With a history dating back to 1234, Chateau Lafite Rothschild has a rich and fascinating past. While there is evidence of vines being planted on their unique terroir, it wasn't until around 1680 that most of the vineyards we know today were established. The estate underwent various ownership changes before it was acquired by the Rothschild family in 1868, adding to their already impressive Bordeaux holdings. The winemaking at Chateau Lafite Rothschild is overseen by talented individuals who have contributed to its success--Charles Chevallier, who took over in 1994, was succeeded by Eric Kohler in 2016.
The vineyard of Chateau Lafite Rothschild spans 112 hectares, with 70% of the plantings dedicated to Cabernet Sauvignon, 25% to Merlot, 3% to Cabernet Franc, and 2% to Petit Verdot. The terroir consists of deep gravel, sand, clay, marl, and limestone soils, with some parcels featuring gravel layers up to 10 meters deep. This unique soil composition contributes to the wine's elegance, femininity, and pronounced minerality.
The vineyards are divided into three sections with around 100 separate parcels, including some adjacent to the vineyards of Chateau Duhart-Milon and Chateau Mouton Rothschild. In addition, Chateau Lafite Rothschild has a small parcel of vines located in the neighboring Saint Estephe appellation, which were used to produce the wine in the 1885 Classification of the Bordeaux Grands Crus Classés prepared for the Universal Exhibition in Paris in the same year.
The wines of Chateau Lafite Rothschild are known for their elegance, purity, and remarkable aging potential.
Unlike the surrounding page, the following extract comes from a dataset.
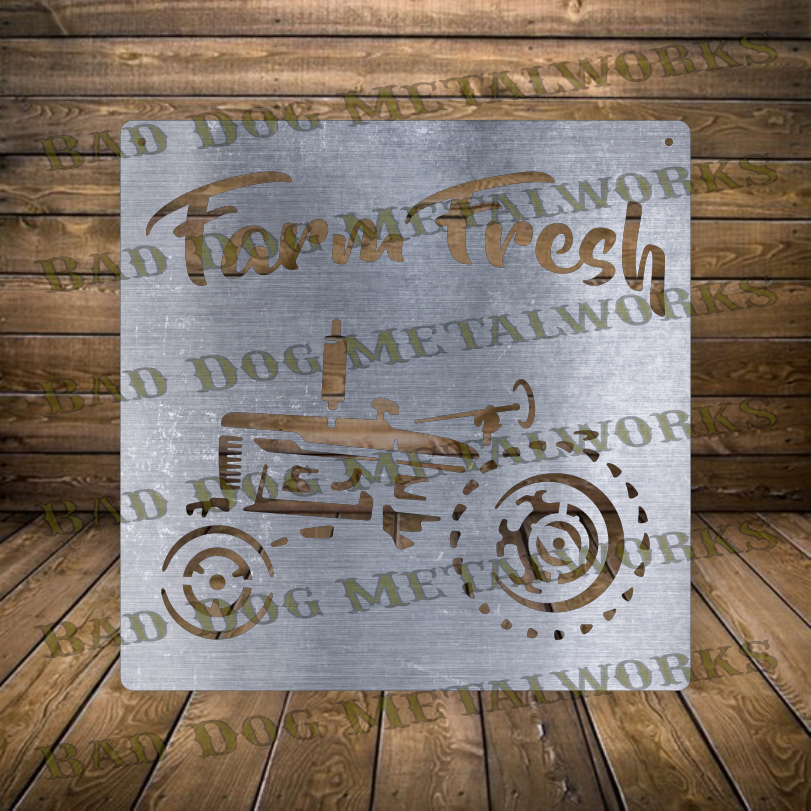 Farm Fresh Tractor - Dxf and Svg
Exhibiting flavors of cedar, cassis, tobacco, truffle, lead pencil, and spice, as well as the freshness and purity of dark red fruits, the wine showcases a wide range of flavors and aromatic nuances. Lafite Rothschild's First Growth status and meticulous winemaking practices ensure that its wines require decades to fully mature.
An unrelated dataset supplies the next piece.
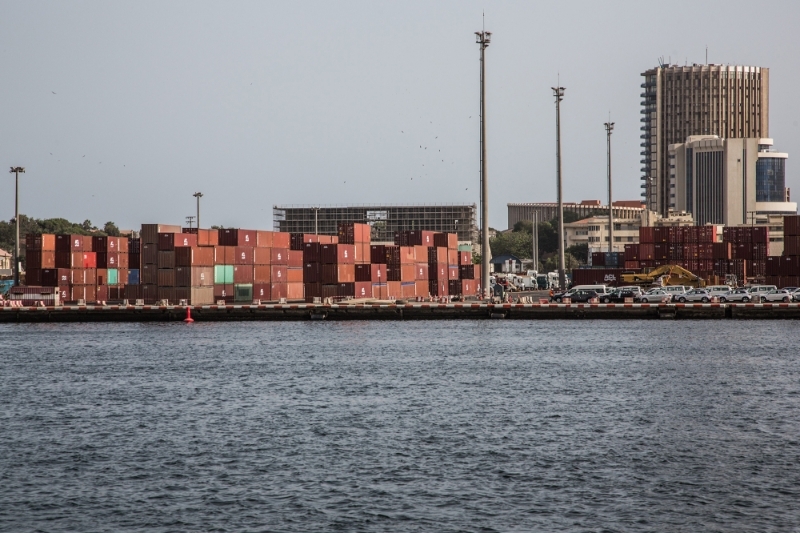 Le Port autonome de Dakar.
Chateau Lafite Rothschild was one of the earliest Bordeaux estates to bottle its own wine, starting in 1890. This was partly driven by requests from negociants willing to pay more for estate-bottled wines and to combat piracy, with some unscrupulous merchants counterfeiting their labels.
Over the years, Lafite Rothschild has had its ups and downs, but since the early 80s, it has consistently produced exceptional wines. The estate's commitment to quality and its continuous pursuit of excellence has solidified its position as one of the world's most coveted wine producers.